= Casius (see) =

Casius or Casium (Κασιον, Kasion) was a residential episcopal see in the Roman province of Augustamnica Prima in Lower Egypt, and is now a titular see of the Catholic Church.

The article about it in the Catholic Encyclopedia of 1908 calls the see "Casium", but the official yearbook of the Holy See gives "Casius" as the Latin form (and "Casio" in Italian).

== Location ==
The city that gave its name to the see was not far from Pelusium and close to the sandhills known to Greek geographers as the Casium Mountain (Κασιον Ορος, Kasion Oros), today Ras Kouroun, El-Katieh, or El-Kas. Its ruins are at Mahemdiah.

A temple of Zeus Kasios, the Aramean god Qasiou, was at the city.
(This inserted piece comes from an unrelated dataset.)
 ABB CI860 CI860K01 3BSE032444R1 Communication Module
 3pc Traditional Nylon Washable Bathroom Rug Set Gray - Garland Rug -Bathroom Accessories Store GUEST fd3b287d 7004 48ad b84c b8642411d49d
Pompey was murdered nearby and was buried there.

==Bishops==
The town is mentioned in Georgius Cyprius, Hierocles's Synecdemos (727, 2), and Parthey's Notitia Prima, about 840, as a bishopric depending on Pelusium.

Only one bishop is known, Lampetius, present at the Council of Ephesus in 431. Saint Cyril of Alexandria sent him, together with Hermogenes, Bishop of Rhinocorua, to Rome, where both were present at the consecration of Pope Sixtus III. Many letters of Isidore of Pelusium are addressed to him.